I think, the best advice is about good tech support. I had an 80GB WD hard drive 'die' on me, when it was only 6 months old. I called WD Tech Support, gave them the 'status code number", was immediately issued a RMA number and a new WD 80GB hard drive was mailed out to me that day. A good solid company will provide good tech support and stand by their products.

Another good piece of advice, when investing in a new larger hard drive, remember that they usually run hotter and your computer case needs to be adequately cooled.


Posted by:

Mike
15 Jun 2010

It might be worthwhile for folks to review Google's hard drive study based on its own experience of using over 100,000 disk drives in its servers, from 5400 to 7200rpm, 80GB to 400GB. This links to the PDF of the report:

http://tinyurl.com/2bfcgfp

If you search for Google hard drive report you can find plenty of sites that created a synopsis of the report. Google doesn't call out names, unfortunately, but does point to a few things that you can watch for ("after their first scan
error, drives are 39 times more likely to fail within 60 days than drives with no such errors...a large fraction of our failed drives
have shown no SMART error signals whatsoever"), so it's worth the research.


Posted by:

Tom
15 Jun 2010

I don't use Hard Drives. I have 300 floppy disks setup in a RAID0 configuration for a blazing fast setup. Boot time is a bit slower (25-30 minutes to bring my system up) but once it's logged it is lighting fast, IOPS are off the chart low. Comparable to a fibre channel SAN. I recommend this for any setup. Thanks for the info Bob! Any idea when these manufactures will come out with larger floppy's?


Posted by:

Jack Mccurdy
16 Jun 2010

@ Igor, The drive you are looking at is a year 2006-2007 server hard drive, If you look at new model 1 terabyte Seagate or Western digital, Hitachi, drives, you can get one for about 80 U.S dollars. And it will be bigger better and faster than that old school thing you're looking at. But if you really want that one Geeks.com has it for $37.99
Super cheap price, huge size high quality brand name hard drives really are for sale all over the internet.


Posted by:

Greg S
22 Jun 2010

I'm told that refurbished drives may generally be *more* reliable than a new drive as they are tested more thoroughly. I also understand that refurbished drives have not really been used, but are returns and such. So why the hesitation?

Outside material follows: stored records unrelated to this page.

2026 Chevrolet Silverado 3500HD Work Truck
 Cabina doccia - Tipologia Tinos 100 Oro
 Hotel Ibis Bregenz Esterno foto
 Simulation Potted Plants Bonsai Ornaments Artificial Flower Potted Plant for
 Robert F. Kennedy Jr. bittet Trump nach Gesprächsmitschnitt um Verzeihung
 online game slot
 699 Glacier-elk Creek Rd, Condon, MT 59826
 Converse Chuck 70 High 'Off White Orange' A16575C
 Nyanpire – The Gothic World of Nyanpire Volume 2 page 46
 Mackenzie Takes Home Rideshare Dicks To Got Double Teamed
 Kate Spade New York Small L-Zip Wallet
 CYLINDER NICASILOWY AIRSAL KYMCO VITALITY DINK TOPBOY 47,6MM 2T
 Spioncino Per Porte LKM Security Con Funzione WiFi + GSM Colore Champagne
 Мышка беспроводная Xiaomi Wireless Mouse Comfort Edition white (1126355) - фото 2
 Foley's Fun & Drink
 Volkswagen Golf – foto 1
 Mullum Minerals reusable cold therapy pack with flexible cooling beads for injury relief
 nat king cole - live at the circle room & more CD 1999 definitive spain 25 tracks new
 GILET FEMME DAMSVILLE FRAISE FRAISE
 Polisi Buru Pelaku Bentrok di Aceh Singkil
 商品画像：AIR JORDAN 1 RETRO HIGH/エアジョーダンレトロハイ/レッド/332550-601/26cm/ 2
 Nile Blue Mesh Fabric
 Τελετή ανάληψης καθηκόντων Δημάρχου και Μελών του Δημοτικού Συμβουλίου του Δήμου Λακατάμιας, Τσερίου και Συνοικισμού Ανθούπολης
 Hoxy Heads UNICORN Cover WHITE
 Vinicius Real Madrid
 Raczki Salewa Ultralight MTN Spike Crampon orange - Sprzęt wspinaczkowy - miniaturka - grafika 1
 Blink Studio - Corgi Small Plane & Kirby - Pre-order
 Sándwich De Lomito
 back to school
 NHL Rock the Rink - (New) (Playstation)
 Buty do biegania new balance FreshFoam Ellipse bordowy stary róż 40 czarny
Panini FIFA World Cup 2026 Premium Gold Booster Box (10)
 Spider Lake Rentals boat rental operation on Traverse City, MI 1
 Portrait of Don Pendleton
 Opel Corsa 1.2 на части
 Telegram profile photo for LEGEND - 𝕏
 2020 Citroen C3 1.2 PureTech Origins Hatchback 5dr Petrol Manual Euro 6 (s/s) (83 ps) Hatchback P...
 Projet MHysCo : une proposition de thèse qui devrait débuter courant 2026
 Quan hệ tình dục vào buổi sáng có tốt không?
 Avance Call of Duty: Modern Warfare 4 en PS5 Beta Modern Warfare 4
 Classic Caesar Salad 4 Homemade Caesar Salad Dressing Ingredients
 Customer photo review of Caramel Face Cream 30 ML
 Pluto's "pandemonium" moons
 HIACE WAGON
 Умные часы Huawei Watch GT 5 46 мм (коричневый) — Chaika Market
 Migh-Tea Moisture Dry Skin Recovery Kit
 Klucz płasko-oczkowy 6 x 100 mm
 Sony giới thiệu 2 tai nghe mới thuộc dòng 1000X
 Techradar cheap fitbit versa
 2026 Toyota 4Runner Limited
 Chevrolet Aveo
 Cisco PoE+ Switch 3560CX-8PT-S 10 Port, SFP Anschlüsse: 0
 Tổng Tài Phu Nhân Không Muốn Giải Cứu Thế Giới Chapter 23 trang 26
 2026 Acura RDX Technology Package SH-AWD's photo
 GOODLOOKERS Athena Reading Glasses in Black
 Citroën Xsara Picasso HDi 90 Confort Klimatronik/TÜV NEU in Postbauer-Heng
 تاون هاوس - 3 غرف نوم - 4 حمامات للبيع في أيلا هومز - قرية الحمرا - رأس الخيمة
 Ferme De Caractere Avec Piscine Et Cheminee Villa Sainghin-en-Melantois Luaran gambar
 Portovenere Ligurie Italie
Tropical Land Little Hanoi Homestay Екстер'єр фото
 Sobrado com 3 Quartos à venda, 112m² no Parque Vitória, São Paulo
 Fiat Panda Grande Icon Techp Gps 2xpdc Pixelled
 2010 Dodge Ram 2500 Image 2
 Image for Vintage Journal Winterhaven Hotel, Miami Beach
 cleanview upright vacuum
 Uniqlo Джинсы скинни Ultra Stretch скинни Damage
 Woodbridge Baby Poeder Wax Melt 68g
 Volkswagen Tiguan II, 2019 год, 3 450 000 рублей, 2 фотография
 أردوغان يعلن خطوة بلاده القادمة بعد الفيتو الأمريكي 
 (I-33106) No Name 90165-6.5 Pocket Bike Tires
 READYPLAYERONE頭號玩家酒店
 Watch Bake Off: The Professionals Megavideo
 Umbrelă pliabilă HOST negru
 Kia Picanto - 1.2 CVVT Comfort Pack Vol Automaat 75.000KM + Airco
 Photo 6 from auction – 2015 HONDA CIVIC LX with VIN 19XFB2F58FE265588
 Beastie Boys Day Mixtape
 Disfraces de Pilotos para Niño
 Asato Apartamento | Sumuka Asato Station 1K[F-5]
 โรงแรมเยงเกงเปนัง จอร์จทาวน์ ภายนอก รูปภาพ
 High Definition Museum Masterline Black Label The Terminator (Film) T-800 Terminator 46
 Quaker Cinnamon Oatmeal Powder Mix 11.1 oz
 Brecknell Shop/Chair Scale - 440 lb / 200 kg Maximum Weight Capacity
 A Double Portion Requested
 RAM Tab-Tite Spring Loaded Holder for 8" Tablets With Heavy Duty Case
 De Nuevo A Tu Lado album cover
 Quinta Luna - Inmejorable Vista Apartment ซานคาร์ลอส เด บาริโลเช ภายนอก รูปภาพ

EDITOR'S NOTE: The hesitation? I guess it's from the "I'm told", the "may generally", the "not really" and the "and such". That, and there's no way to know if your used drive simply was shipped in a machine that never sold, or if it came out of a machine that was used 24/7 for 2 years.


Posted by:

steven
28 Jun 2010

Do they still make floppies? When I used to use them, some failed while in a storage box, not being used.